Work instruction:
What is needed is an exact reproduction of the lines in the records below, starting at the line with "In this video, we will" and ending at the line with "Hello everyone. In", both included, and nothing else; pictures stay out.
╭─ Entries supplied
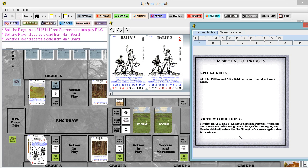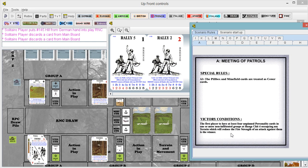Notice on the victory conditions that it's four unpinned personality cards in one or more non-infiltrated groups. So you could have two in one group at Range 4 and two in another group at Range 4. They don't all four have to be in the same group. Just something to keep in mind when you're thinking about how you can win this thing or what your options are.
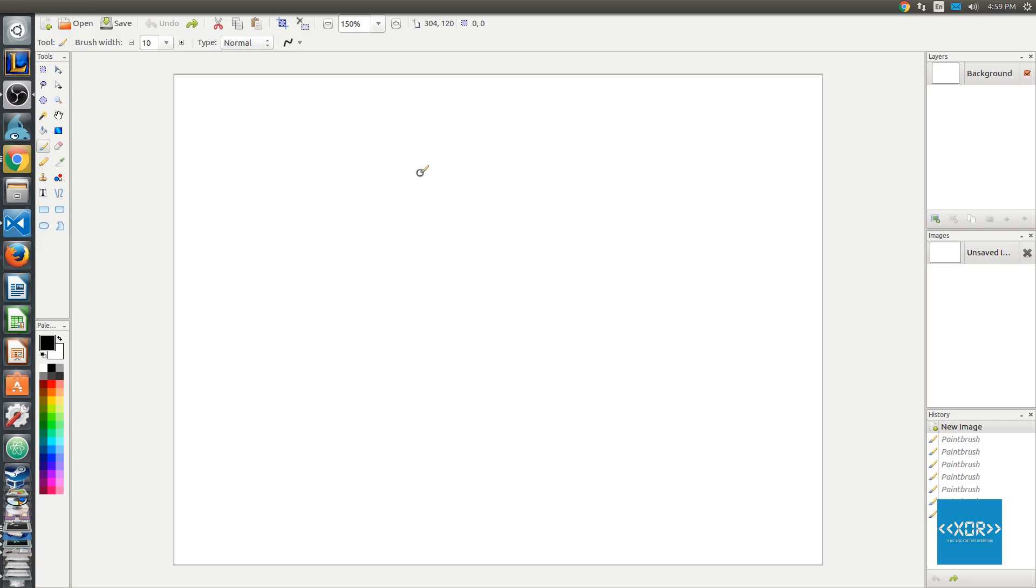What is going on, BitwiseGuy here, and today we're going to be going over function pointers in Rust.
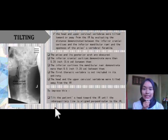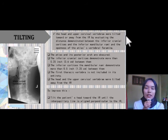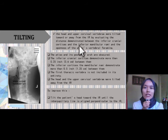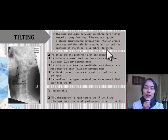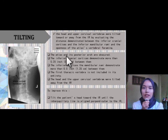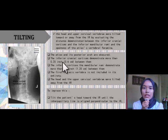For tilting, the head and upper cervical vertebra were tilted either toward or away from the IR. This is evaluated by the distance between the inferior cranial cortex and the inferior mandibular rami and the openness of the atlas vertebral foramen. From this picture, we can see that the atlas and its posterior arch are obscured, and the inferior cranial cortex demonstrates more than 0.25 inch between them.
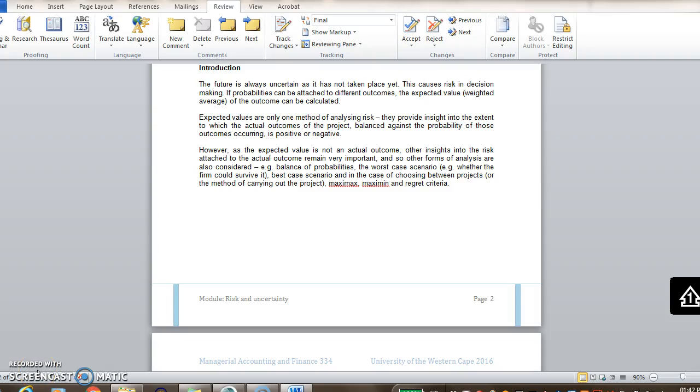When looking into the future, you must remember it's always uncertain. Why is that? Well, the future hasn't happened yet. So when we're making decisions, we're looking forward and taking information into account that hasn't happened yet.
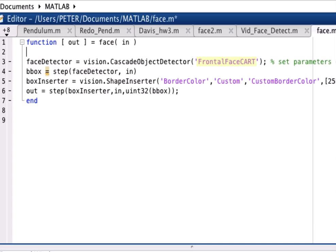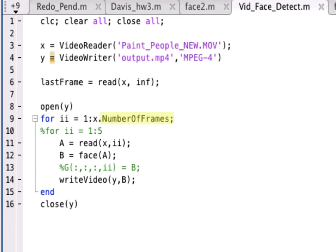Once the face is detected by the Cascade Optic Detector function, the box inserter places a yellow frame around the detected face. The video writer then compiles all of the edited series of frames into a formatted video output, which becomes the videos you see now.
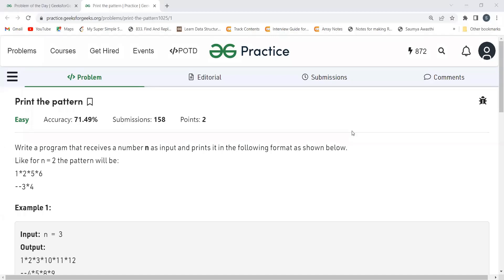Hi everyone, welcome to my YouTube channel. I hope you are doing well. Today in this video we are going to solve the problem of the day on the GeeksforGeeks platform. Today's problem is 'Print the Pattern.' We'll be going through the problem statement, then the logic part, and then we'll be coding it up.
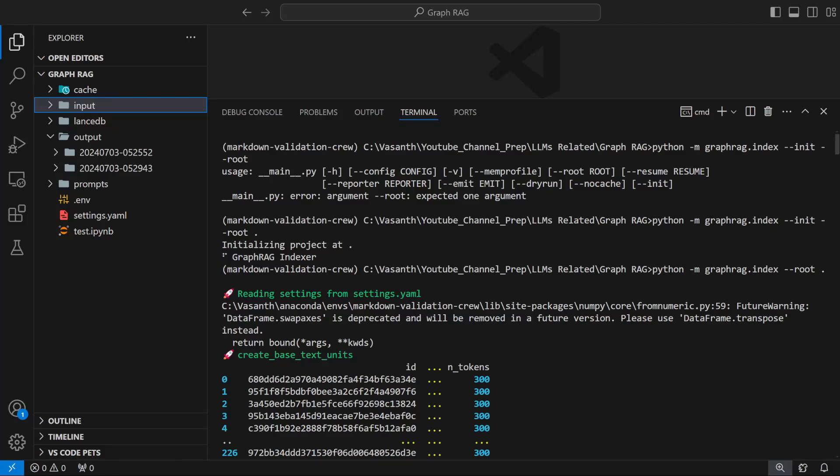Microsoft has released the most advanced form of RAG to date, which is GraphRAG. Instead of just using the conventional chunking and retrieval method, this uses a different approach for answering questions, and the answers are pretty amazing. In this video, we'll see how you can use GraphRAG to build your own first GraphRAG application.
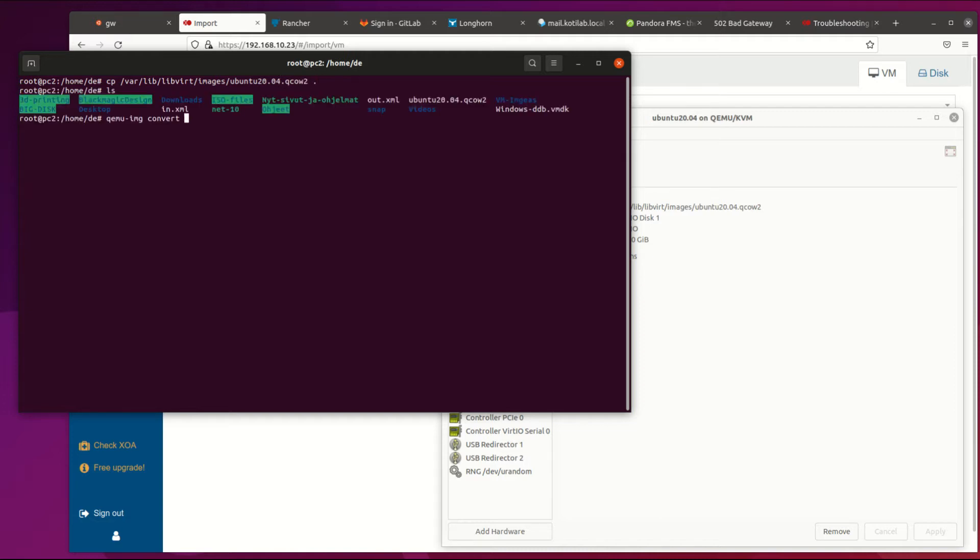The next convert command is qemu-img command and parameters are f for image format, o for the output image format. Then I have to change file ownership so I can handle the file.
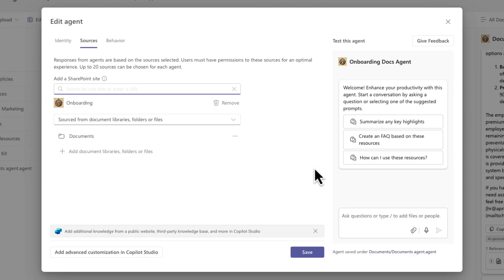So right now it's only using this particular document library as a knowledge source to pull information from. But as you can see, not only can I add additional document libraries, folders, or specific files, I can also reference other SharePoint sites.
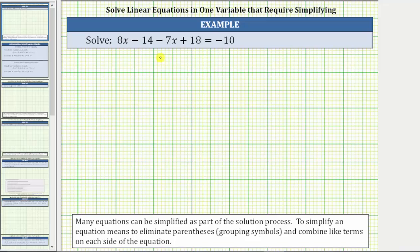In this video, we will look at two examples of solving linear equations in one variable that requires simplifying. Remember, to solve an equation means to find a value of the variable that satisfies the equation or makes the equation true. And in algebra, many equations can be simplified as part of the solution process.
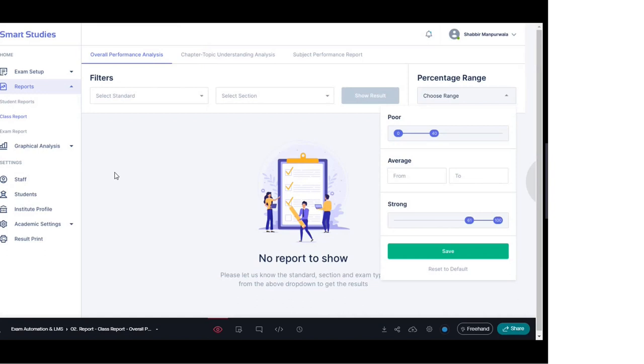Hello everyone. In this video we will see how, through the Academic Excellence tool, a class-wise report can be generated and what information we can get from it.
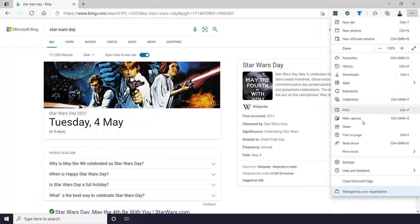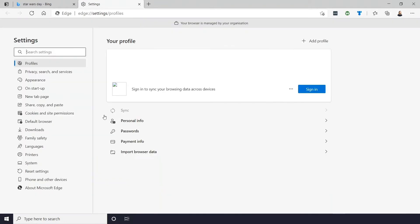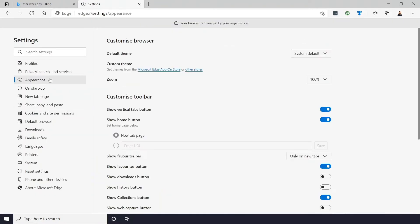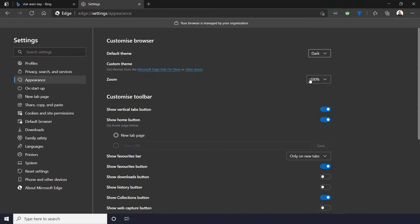To activate dark mode on Edge, you need to go into your settings. Once loaded, you'll then need to click on the appearance tab on the left. At the very top you'll see default theme, and you can change that to dark.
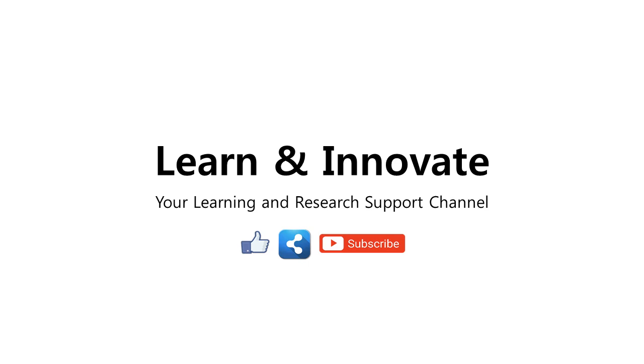Thank you for watching and watch out for our next learning and research support videos. Please support this channel by hitting the like and subscribe buttons.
╰─
Output below:
In this video, we will look at two examples of solving linear equations in one variable that requires simplifying. Remember, to solve an equation means to find a value of the variable that satisfies the equation or makes the equation true. And in algebra, many equations can be simplified as part of the solution process.
Hello everyone. In this video we will see how, through the Academic Excellence tool, a class-wise report can be generated and what information we can get from it.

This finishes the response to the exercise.